It is with little fondness and much chagrin that I remember my years in English class. There was always something new to learn, and I found myself struggling with proper usages, tenses and prepositions. Let’s face it – no one has perfect grammar skills, but improving your abilities in the English language is something we should all strive for. Grammarly is an app that promises to help the user perfect their writing while teaching them not to make the same mistakes again.
What Is Grammarly?
Grammarly’s website purports that the browser add-on and mobile app can correct over 250 types of grammatical errors, even ones that involve words that are spelled correctly but misused. It’s an astonishing claim, one that can be hard to believe. Grammarly’s software is designed to catch many errors that Microsoft Word doesn’t; for users of Word Processor, this is a dream come true. However, the validity of Grammarly’s claims has come into question from experts in the field of digital content.
How Does Grammarly Work?
Claiming that you can outdo Microsoft Word Processor isn’t much of a claim to begin with. The program wasn’t much to start with, and seemingly perfect Word documents submitted to professors would come back marked with errors. English grad students quickly learned not to trust Microsoft’s questionable grammar check function and instead relied on dictionaries and thesauruses, as well as the advice of their peers.
Grammarly functions as a browser add-on for Chrome, Firefox and Safari, and you can also download the mobile app for phones and tablets. This allows the user to check any text they create for grammatical and spelling errors, as well as plagiarism. Grammarly claim they can catch up to ten times the amount of errors that word processors can. Their website also has the same features as the free version for those who don’t want to download the program.
Premium versions of Grammarly are available via monthly subscription that allow the user full access to all 250 types of grammar corrections (the free version only has 150). You can choose monthly, quarterly or annual payments for premium accounts. You receive full access to all of the features included in the free version, as well as the Microsoft Office add-on that lets you integrate Grammarly into your current Microsoft Word Processor and other Office components like Outlook and Excel.
Grammarly: Useful Or Useless?
Despite the failures found in word processors, Grammarly doesn’t seem to be much better. Grammarist reviewed the Grammarly program in-depth after its usefulness was called into question, and they didn’t spare it the harsh criticism it deserved, saying:
“…Grammarly claims to (1) correct grammar, (2) give useful explanations for grammar mistakes, (3) check spelling, (4) identify and help correct plagiarism, and (5) check word usage. We’re skeptical on every count, but number five strikes us as particularly implausible.”
They bring up a good point. How can a program like Grammarly be so advanced that it catches mistakes pertaining to proper usage? How does it differentiate between American and British English?
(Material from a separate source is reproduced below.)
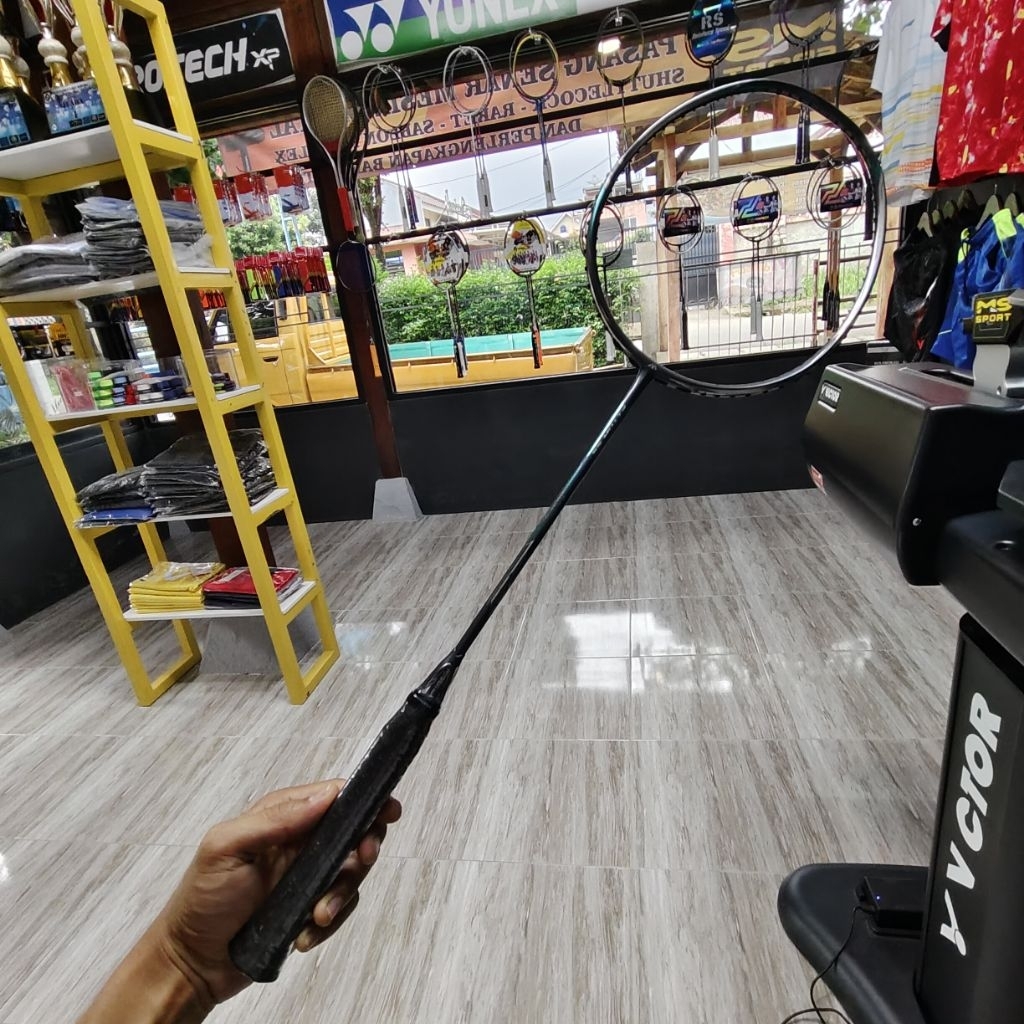 [ORIGINAL] Power Max Fitow SS | Raket Badminton Speed Control Ringan Gesit Untuk Permainan Cepat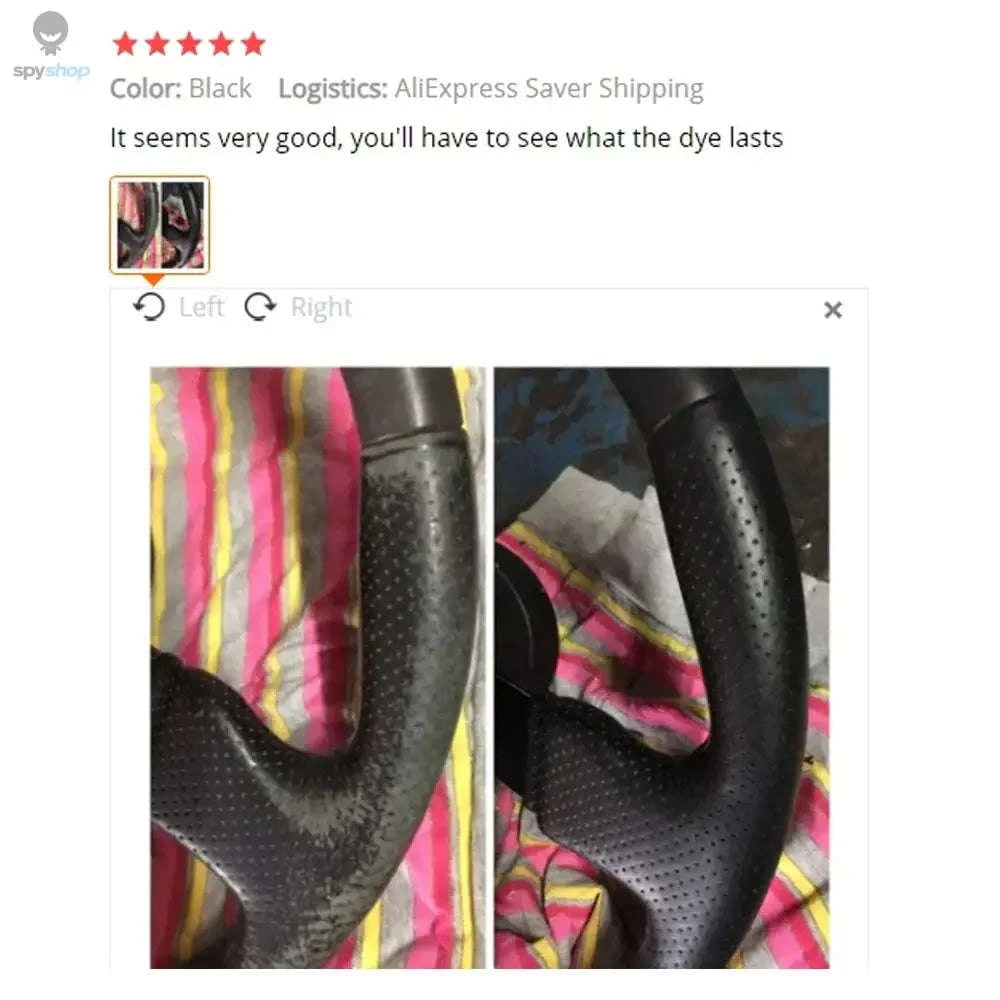 Car Leather Repair Kit Liquid Recoloring Balm 50ml-Dark Blue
Some schools of thought have differences of opinion when it comes to the use of the Oxford comma or pluralization of certain words. How does Grammarly aim to overcome these hurdles?
Grammarist’s test run of Grammarly ended badly. The program failed to correct obvious errors multiple times, and wins were few and far between. Grammarist covered their bases when it came to testing, making sure to include glaring errors and plagiarism in their examples. I tested the premium version myself and found it to be a waste of money. The premium version didn’t fare any better than the free version. It was quite the disappointment.
Another test was run by Dean Evans, professional copywriter and owner of Good Content Company. Although Evans makes several errors of his own in the review, his wife is a professional proofreader, and she agreed to pit herself against Grammarly, as well as Ginger, After The Deadline and Microsoft Word. Evans’ results showed that Microsoft Word outdid all three sister sites, but it failed to trump his wife’s proofreading skills.
The Good And The Bad
Grammarly has failed spectacularly on several accounts, but I feel bad eliminating it completely from my list of useful tools. After all, shouldn’t a program that’s so popular have at least one good quality? It does, in fact, have one positive quality going for it: it’s better than nothing.
If you struggle with spelling and proper grammar usage, Grammarly can significantly improve your writing. However, if you’re looking for attention to detail that will let you pass for an expert in the English language, you’re looking in the wrong place. Grammarly doesn’t live up to its name, not by a long shot. It can’t even be trusted to catch obvious plagiarism (rewrites of notable pieces slipped right through Grammarly’s nets).
Your humble author doesn’t claim to be an expert in the English language either; I simply think that users are better off without Grammarly. Its shortcomings could easily steer new writers into a minefield of errors, so you’re better off just hiring a professional proofreader. Are they expensive? Yes, they most certainly are, but hiring a proofreader sure beats paying for a program that doesn’t work!